Clearwater is designed to be as stateless as possible, simplifying redundancy, and making it ideal for virtualised and cloud-based deployment. However, through use of our distributed timer store, Chronos, Clearwater is able to maintain a number of stateful statistics. As components use timers to maintain stateful functionality without actually remaining independently aware of state, we can form statistics based on these, rather than needing each main process to maintain and report state. Currently Vellum nodes expose stateful statistics. To see the full list of statistics available, check here; stateful statistics are marked as ‘(stateful)’ to distinguish them.
These statistics are accessible in the same manner as our standard SNMP statistics. Detail on how to configure nodes and access the statistics can be found here.
As these statistics are representative of deployment wide state, their usage is slightly different to the standard per-node SNMP statistics. They key difference is that, due to the redundancy design in Chronos, the statistics are subject to a replication factor (which is by default set to 2). To accurately report the statistics from a whole deployment, the individual values should be gathered from each node in the deployment, and then the sum total should be divided by the replication factor.

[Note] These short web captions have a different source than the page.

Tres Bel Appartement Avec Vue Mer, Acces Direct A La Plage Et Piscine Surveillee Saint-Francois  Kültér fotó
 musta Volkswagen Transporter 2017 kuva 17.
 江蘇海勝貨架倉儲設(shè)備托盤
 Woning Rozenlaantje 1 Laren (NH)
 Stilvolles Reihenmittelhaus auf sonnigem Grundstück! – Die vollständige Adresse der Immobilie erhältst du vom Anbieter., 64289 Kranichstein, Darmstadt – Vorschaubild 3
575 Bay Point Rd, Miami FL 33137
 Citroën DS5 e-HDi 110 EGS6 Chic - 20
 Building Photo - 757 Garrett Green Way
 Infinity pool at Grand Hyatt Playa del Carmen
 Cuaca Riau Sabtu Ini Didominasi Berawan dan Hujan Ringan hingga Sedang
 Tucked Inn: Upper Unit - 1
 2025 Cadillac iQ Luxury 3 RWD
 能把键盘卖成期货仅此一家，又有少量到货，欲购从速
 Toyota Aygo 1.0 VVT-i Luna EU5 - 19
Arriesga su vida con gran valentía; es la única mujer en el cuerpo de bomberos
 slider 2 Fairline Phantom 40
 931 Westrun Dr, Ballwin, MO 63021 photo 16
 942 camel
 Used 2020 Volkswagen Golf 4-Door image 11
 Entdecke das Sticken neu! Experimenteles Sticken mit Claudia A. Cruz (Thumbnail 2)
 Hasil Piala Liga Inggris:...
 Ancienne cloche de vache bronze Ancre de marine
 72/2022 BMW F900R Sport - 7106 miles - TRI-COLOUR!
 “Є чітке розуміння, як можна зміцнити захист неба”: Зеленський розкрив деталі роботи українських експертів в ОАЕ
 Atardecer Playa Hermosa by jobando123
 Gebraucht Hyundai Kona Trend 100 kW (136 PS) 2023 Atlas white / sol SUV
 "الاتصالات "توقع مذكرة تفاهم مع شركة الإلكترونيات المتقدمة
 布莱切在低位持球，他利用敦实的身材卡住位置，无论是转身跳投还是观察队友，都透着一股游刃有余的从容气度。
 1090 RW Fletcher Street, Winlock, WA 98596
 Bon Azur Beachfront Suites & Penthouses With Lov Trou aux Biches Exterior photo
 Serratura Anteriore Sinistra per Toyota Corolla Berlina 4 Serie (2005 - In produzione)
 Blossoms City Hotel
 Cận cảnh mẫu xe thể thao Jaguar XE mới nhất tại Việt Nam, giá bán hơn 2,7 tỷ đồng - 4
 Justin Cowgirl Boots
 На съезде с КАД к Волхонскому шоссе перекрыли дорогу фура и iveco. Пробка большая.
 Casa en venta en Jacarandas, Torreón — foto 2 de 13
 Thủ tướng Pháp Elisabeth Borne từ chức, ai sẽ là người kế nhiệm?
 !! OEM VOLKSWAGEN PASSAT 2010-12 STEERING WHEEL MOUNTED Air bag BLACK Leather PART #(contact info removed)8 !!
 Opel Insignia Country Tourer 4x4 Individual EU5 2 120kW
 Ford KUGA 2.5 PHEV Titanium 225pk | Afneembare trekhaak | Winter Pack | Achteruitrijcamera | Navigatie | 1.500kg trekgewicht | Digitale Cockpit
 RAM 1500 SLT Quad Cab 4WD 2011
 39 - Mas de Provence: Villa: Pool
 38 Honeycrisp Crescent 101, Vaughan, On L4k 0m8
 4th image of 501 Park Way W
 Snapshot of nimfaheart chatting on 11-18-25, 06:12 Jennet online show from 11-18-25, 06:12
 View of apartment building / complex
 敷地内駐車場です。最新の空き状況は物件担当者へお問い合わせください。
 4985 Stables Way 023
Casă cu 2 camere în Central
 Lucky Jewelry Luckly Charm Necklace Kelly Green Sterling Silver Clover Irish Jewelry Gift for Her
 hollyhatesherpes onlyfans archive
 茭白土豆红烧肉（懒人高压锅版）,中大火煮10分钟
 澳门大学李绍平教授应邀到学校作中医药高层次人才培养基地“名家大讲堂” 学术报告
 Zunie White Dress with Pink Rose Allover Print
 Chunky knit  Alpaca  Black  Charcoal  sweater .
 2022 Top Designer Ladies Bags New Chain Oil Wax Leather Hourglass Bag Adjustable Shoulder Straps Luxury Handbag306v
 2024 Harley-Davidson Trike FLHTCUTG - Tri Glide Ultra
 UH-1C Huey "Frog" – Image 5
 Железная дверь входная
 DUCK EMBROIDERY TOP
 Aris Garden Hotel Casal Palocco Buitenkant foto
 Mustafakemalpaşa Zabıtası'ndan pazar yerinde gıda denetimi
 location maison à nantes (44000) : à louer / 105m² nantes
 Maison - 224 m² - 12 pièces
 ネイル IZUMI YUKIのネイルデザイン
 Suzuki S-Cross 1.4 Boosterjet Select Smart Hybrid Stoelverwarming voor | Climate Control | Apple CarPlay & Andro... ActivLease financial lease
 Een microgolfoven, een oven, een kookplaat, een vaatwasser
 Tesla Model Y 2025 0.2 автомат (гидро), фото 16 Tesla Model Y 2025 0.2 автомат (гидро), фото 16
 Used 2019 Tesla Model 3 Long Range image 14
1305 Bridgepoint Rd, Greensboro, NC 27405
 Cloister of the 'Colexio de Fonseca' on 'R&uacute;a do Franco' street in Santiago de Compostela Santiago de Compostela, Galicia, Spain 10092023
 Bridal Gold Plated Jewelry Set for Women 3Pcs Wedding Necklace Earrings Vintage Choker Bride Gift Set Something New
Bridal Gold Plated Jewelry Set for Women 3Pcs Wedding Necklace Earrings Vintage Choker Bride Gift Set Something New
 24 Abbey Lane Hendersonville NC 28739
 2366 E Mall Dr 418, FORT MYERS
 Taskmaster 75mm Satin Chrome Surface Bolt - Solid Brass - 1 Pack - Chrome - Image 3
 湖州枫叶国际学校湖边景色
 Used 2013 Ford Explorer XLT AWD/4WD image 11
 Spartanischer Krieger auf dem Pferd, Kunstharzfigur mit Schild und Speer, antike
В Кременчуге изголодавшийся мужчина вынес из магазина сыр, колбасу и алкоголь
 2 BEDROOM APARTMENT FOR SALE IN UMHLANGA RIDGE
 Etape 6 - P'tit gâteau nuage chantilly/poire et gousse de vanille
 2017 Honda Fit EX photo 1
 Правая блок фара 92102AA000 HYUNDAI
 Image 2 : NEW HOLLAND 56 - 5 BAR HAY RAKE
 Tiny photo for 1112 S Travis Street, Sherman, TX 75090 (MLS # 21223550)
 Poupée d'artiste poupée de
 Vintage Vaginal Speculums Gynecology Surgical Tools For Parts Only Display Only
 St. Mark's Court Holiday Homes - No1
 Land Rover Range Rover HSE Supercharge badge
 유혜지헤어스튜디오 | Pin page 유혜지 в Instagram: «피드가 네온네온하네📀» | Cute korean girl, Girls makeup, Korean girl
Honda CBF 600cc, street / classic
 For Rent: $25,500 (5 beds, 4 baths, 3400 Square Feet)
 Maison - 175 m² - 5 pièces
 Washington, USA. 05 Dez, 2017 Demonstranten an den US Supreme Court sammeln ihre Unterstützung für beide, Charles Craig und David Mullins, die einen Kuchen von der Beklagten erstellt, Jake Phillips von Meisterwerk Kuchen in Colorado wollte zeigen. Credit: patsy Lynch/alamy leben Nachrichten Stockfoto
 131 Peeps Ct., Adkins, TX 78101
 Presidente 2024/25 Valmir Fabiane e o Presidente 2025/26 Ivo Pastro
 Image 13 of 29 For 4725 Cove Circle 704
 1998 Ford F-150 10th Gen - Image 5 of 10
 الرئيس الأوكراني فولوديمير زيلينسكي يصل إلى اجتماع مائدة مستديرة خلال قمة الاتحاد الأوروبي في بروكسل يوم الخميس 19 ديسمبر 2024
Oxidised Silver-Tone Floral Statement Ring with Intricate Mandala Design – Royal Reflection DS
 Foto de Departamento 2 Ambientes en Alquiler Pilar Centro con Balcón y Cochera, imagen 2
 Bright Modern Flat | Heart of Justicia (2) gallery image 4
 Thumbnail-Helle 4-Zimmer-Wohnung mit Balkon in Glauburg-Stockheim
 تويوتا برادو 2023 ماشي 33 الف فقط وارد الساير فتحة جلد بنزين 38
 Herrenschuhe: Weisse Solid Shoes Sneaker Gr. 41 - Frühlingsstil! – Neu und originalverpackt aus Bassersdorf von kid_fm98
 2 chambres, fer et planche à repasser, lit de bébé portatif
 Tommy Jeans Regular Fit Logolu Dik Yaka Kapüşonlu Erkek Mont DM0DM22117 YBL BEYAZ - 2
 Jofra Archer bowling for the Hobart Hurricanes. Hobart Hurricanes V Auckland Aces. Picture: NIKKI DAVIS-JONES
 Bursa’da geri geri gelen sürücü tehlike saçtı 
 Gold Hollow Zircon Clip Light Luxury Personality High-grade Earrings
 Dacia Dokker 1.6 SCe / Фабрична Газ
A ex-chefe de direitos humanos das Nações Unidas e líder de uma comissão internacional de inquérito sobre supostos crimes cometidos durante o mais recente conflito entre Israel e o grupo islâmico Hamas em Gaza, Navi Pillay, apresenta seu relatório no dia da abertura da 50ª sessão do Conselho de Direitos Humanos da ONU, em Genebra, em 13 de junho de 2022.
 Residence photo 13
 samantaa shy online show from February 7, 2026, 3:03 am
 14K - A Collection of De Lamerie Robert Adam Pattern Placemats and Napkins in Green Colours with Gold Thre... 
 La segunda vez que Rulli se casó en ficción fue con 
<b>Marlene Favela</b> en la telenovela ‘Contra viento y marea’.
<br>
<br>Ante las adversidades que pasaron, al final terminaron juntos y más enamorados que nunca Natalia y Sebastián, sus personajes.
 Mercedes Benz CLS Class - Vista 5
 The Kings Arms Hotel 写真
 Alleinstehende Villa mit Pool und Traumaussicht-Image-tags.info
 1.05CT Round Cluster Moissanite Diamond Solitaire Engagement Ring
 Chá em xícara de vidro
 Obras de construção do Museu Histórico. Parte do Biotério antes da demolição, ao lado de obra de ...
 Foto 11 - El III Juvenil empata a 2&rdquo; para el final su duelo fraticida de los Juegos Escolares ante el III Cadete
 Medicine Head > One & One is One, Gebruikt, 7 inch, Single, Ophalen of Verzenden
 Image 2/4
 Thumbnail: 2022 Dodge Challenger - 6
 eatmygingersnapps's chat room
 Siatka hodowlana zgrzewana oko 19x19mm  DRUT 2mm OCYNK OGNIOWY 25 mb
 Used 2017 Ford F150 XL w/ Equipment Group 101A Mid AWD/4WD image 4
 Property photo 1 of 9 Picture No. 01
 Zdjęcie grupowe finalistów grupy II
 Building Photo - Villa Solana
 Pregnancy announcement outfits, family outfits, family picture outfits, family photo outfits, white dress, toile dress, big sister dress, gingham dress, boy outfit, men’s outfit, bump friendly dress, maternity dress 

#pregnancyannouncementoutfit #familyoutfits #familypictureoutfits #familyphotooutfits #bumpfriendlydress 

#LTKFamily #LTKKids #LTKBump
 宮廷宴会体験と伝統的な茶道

e.g. Consider a deployment with three Vellum nodes. If ten registrations are set up, the nodes might report the following statistics:
- Node 1 :- 6 Registrations
- Node 2 :- 7 Registrations
- Node 3 :- 7 Registrations
This does not mean that the number of registrations has doubled, nor is it representative of the number of registrations that each node actually handled. It is simply directly the number of timers held on each node tagged as registrations. To then calculate the number of registrations actually active in the deployment, one takes the total and divides it by the replication factor, in this example 2.
(Node 1 + Node 2 + Node 3) / Replication-factor = (6 + 7 + 7) / 2 = 10 Active registrations
Note: These statistics may be inaccurate in systems with a failing node. As such they should be considered unreliable while any alarms are raised, particularly those relating to Chronos.